The hubris of the west in the nineties was to be punctured in the new century as weaknesses in the system were exposed. The economic crash of 2007-8 showed how often growth is built on sand. That the resultant pain was felt by economically vulnerable people while the authors of the crash seemed to emerge unscathed did little to commend western models of capitalism.
Prior to this, the invasion of an Arab nation on the basis of faulty intelligence and implacable neo-conservative doctrine lost the US and its allies much of the goodwill stored by winning the Cold War. The election of an isolationist, insecure President in 2016 with little grasp of geo-politics suggests an abdication of global leadership at a critical moment.

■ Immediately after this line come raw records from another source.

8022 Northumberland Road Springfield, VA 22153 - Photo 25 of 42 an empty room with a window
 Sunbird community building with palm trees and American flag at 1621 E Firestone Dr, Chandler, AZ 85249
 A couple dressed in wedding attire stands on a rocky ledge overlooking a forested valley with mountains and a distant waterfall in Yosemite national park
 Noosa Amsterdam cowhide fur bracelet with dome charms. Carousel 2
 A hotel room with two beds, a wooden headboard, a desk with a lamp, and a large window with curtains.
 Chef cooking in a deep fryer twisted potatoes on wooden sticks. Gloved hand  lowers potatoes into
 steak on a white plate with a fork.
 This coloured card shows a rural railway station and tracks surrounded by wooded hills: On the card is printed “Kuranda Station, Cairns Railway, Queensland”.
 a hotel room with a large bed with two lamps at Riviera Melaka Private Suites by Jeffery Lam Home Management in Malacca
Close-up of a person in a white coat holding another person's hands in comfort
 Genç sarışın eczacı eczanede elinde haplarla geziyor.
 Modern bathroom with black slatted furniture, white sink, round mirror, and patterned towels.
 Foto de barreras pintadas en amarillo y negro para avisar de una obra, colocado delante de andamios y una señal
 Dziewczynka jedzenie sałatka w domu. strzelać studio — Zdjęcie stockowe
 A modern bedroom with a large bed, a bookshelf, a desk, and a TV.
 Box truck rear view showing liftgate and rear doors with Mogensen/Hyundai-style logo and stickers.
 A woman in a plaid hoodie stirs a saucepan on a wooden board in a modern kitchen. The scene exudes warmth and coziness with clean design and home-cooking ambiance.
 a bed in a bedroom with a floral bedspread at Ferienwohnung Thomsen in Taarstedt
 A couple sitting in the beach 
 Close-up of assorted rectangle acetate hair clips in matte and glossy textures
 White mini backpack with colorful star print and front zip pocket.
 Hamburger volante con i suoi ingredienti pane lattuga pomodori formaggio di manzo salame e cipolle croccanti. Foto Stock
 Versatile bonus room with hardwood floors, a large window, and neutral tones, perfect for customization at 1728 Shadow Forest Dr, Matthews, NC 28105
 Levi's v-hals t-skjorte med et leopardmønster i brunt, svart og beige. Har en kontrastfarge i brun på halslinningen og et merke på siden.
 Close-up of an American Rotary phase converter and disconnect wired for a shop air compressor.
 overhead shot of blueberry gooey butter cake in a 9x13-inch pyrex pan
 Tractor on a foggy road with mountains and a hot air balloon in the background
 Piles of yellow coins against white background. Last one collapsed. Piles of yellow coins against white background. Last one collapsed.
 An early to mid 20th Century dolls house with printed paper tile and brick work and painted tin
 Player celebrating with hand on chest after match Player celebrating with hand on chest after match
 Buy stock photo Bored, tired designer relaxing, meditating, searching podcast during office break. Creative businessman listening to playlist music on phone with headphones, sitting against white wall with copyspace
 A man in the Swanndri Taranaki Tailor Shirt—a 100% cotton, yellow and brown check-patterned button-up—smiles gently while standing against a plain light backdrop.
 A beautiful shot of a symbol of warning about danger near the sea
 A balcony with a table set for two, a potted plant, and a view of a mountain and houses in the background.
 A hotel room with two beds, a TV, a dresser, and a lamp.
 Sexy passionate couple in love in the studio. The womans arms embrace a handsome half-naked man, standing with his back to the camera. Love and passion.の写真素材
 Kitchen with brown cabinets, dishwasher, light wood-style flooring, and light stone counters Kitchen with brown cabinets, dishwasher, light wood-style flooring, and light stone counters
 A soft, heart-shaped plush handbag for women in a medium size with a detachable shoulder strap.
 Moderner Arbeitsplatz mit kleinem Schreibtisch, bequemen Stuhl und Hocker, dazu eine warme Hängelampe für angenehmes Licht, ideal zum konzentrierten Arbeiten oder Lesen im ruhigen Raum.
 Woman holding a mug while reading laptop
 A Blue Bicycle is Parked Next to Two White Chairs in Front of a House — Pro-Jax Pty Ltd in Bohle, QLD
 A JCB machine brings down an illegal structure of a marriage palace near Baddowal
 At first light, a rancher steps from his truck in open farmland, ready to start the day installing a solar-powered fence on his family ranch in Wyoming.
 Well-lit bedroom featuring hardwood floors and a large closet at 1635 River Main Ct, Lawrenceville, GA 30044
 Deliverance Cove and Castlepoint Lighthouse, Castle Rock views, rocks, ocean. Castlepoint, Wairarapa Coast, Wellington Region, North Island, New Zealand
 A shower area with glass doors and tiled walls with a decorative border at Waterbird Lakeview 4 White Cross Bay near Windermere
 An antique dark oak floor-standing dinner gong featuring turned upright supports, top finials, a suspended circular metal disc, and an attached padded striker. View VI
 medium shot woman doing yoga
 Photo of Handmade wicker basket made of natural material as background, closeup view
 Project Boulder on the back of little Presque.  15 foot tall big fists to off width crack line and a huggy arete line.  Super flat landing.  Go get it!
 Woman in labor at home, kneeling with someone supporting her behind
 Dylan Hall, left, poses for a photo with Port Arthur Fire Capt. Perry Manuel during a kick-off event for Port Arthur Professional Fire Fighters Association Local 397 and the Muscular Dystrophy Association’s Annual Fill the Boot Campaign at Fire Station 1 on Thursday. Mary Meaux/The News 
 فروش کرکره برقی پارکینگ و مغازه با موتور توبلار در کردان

In football-speak, some of those who celebrated in 1989 have seen their side concede a 3-0 winning lead.
Thankfully the match is not finished.
Whether the so-called Beijing consensus of state capitalism and authoritarian society will win lasting admirers across the world remains to be seen. In 2018, the World Democracy Index downgraded 89 countries – three times more than were upgraded. If this is a bad moment to be a democrat, 1989 reminds us that human beings cherish freedom and will do what they can to recover it.
Those who disagree over religion can usually agree on one thing. If God exists, then he must prize human freedom very greatly to allow us our space. It is this God-given sense that many of us believe drives the aspiration for liberty.
The global quest for freedom has stalled, but it will be re-started. Those of us who value it might reflect on our own systems to government, for there is much that we have each got wrong. But this does not invalidate the quest. And why, in my own heart, I will always be an 89-er.